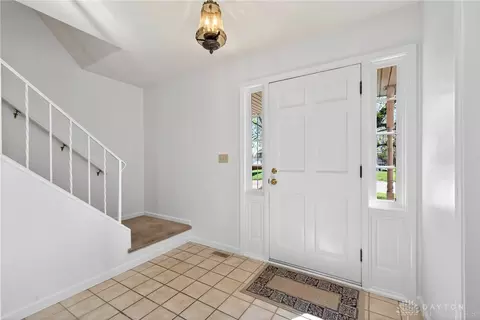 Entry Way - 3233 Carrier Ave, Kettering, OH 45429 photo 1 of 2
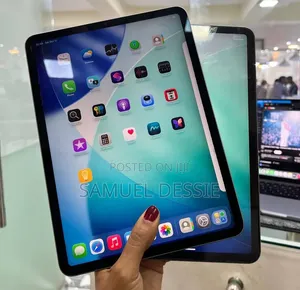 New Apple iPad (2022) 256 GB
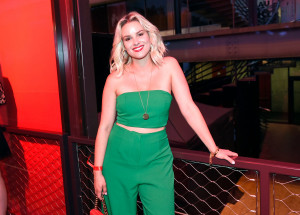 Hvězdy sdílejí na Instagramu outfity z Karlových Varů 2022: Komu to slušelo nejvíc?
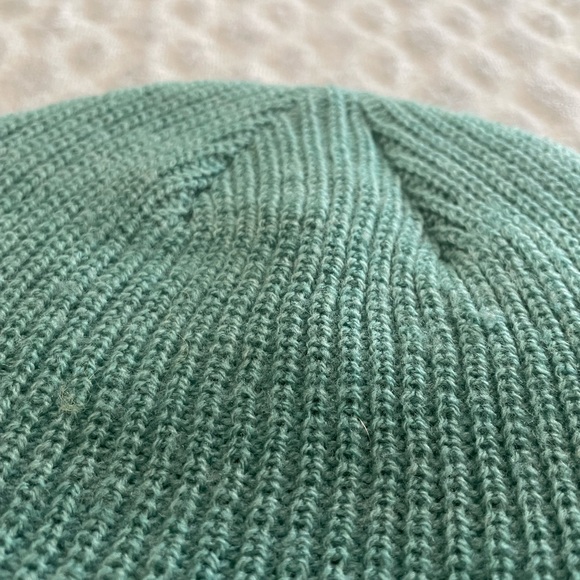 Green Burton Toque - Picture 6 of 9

---

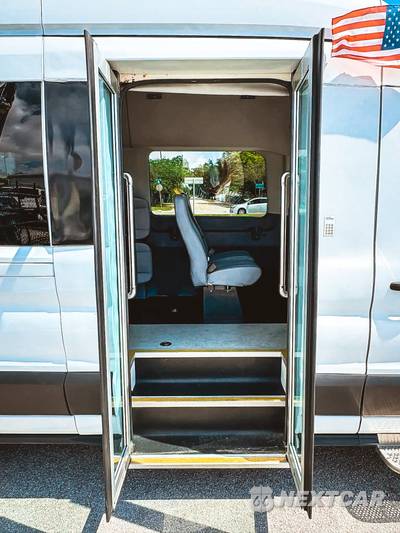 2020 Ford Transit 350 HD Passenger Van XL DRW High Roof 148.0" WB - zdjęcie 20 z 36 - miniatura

_How to complete this task_. For this task, return exactly the stretch of the listing above from the line with "Hvězdy sdílejí na" through the line with "Green Burton Toque - Picture 6 of 9", inclusive and without pictures.

_Response area_.
 Hvězdy sdílejí na Instagramu outfity z Karlových Varů 2022: Komu to slušelo nejvíc?
 Green Burton Toque - Picture 6 of 9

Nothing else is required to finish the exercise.